(Records from a collection)

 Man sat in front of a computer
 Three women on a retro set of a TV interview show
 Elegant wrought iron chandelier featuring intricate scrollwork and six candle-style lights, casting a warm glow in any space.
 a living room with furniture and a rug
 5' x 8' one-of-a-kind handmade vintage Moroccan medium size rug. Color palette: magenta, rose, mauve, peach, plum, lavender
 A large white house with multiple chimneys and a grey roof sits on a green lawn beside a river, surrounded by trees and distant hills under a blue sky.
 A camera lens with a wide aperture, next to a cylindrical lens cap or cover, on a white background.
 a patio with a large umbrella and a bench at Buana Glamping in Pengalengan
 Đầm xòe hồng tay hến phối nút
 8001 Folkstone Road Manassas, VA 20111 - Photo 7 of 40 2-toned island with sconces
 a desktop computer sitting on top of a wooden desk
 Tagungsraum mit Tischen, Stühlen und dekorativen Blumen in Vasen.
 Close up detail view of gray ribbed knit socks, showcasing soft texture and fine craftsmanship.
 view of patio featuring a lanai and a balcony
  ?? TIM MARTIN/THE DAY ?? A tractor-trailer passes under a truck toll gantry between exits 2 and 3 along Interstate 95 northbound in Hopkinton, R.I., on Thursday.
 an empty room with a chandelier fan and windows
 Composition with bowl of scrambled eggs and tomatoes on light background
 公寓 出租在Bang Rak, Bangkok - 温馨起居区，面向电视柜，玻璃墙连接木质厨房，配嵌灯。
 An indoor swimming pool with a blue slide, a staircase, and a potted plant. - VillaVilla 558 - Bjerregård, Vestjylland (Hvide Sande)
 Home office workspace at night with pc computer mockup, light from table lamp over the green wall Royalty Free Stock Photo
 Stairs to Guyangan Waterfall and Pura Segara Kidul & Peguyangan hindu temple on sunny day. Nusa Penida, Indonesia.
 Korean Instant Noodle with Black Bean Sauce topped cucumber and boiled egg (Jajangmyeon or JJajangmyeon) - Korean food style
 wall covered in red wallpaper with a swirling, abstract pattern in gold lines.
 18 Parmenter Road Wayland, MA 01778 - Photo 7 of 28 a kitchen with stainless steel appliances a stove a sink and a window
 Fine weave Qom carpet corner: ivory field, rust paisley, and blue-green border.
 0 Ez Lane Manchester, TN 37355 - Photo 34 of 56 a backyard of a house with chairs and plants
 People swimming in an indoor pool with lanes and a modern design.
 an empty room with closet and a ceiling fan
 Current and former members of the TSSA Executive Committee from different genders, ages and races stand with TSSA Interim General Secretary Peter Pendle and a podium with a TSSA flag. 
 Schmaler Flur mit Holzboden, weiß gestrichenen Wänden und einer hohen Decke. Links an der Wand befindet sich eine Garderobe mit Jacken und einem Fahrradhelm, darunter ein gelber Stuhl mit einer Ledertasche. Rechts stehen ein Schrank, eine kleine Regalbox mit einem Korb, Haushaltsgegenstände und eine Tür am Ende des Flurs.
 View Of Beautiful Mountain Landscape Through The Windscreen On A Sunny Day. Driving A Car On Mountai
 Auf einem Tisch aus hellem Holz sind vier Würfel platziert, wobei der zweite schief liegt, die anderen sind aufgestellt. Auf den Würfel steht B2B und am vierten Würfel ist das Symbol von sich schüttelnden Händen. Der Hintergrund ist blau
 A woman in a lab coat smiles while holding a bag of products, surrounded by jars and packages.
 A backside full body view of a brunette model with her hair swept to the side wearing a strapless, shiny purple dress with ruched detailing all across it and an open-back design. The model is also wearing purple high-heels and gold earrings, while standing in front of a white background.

Work instruction -> Would you write out all of the data again, unchanged?

Solution to the exercise ->
 Man sat in front of a computer
 Three women on a retro set of a TV interview show
 Elegant wrought iron chandelier featuring intricate scrollwork and six candle-style lights, casting a warm glow in any space.
 a living room with furniture and a rug
 5' x 8' one-of-a-kind handmade vintage Moroccan medium size rug. Color palette: magenta, rose, mauve, peach, plum, lavender
 A large white house with multiple chimneys and a grey roof sits on a green lawn beside a river, surrounded by trees and distant hills under a blue sky.
 A camera lens with a wide aperture, next to a cylindrical lens cap or cover, on a white background.
 a patio with a large umbrella and a bench at Buana Glamping in Pengalengan
 Đầm xòe hồng tay hến phối nút
 8001 Folkstone Road Manassas, VA 20111 - Photo 7 of 40 2-toned island with sconces
 a desktop computer sitting on top of a wooden desk
 Tagungsraum mit Tischen, Stühlen und dekorativen Blumen in Vasen.
 Close up detail view of gray ribbed knit socks, showcasing soft texture and fine craftsmanship.
 view of patio featuring a lanai and a balcony
  ?? TIM MARTIN/THE DAY ?? A tractor-trailer passes under a truck toll gantry between exits 2 and 3 along Interstate 95 northbound in Hopkinton, R.I., on Thursday.
 an empty room with a chandelier fan and windows
 Composition with bowl of scrambled eggs and tomatoes on light background
 公寓 出租在Bang Rak, Bangkok - 温馨起居区，面向电视柜，玻璃墙连接木质厨房，配嵌灯。
 An indoor swimming pool with a blue slide, a staircase, and a potted plant. - VillaVilla 558 - Bjerregård, Vestjylland (Hvide Sande)
 Home office workspace at night with pc computer mockup, light from table lamp over the green wall Royalty Free Stock Photo
 Stairs to Guyangan Waterfall and Pura Segara Kidul & Peguyangan hindu temple on sunny day. Nusa Penida, Indonesia.
 Korean Instant Noodle with Black Bean Sauce topped cucumber and boiled egg (Jajangmyeon or JJajangmyeon) - Korean food style
 wall covered in red wallpaper with a swirling, abstract pattern in gold lines.
 18 Parmenter Road Wayland, MA 01778 - Photo 7 of 28 a kitchen with stainless steel appliances a stove a sink and a window
 Fine weave Qom carpet corner: ivory field, rust paisley, and blue-green border.
 0 Ez Lane Manchester, TN 37355 - Photo 34 of 56 a backyard of a house with chairs and plants
 People swimming in an indoor pool with lanes and a modern design.
 an empty room with closet and a ceiling fan
 Current and former members of the TSSA Executive Committee from different genders, ages and races stand with TSSA Interim General Secretary Peter Pendle and a podium with a TSSA flag. 
 Schmaler Flur mit Holzboden, weiß gestrichenen Wänden und einer hohen Decke. Links an der Wand befindet sich eine Garderobe mit Jacken und einem Fahrradhelm, darunter ein gelber Stuhl mit einer Ledertasche. Rechts stehen ein Schrank, eine kleine Regalbox mit einem Korb, Haushaltsgegenstände und eine Tür am Ende des Flurs.
 View Of Beautiful Mountain Landscape Through The Windscreen On A Sunny Day. Driving A Car On Mountai
 Auf einem Tisch aus hellem Holz sind vier Würfel platziert, wobei der zweite schief liegt, die anderen sind aufgestellt. Auf den Würfel steht B2B und am vierten Würfel ist das Symbol von sich schüttelnden Händen. Der Hintergrund ist blau
 A woman in a lab coat smiles while holding a bag of products, surrounded by jars and packages.
 A backside full body view of a brunette model with her hair swept to the side wearing a strapless, shiny purple dress with ruched detailing all across it and an open-back design. The model is also wearing purple high-heels and gold earrings, while standing in front of a white background.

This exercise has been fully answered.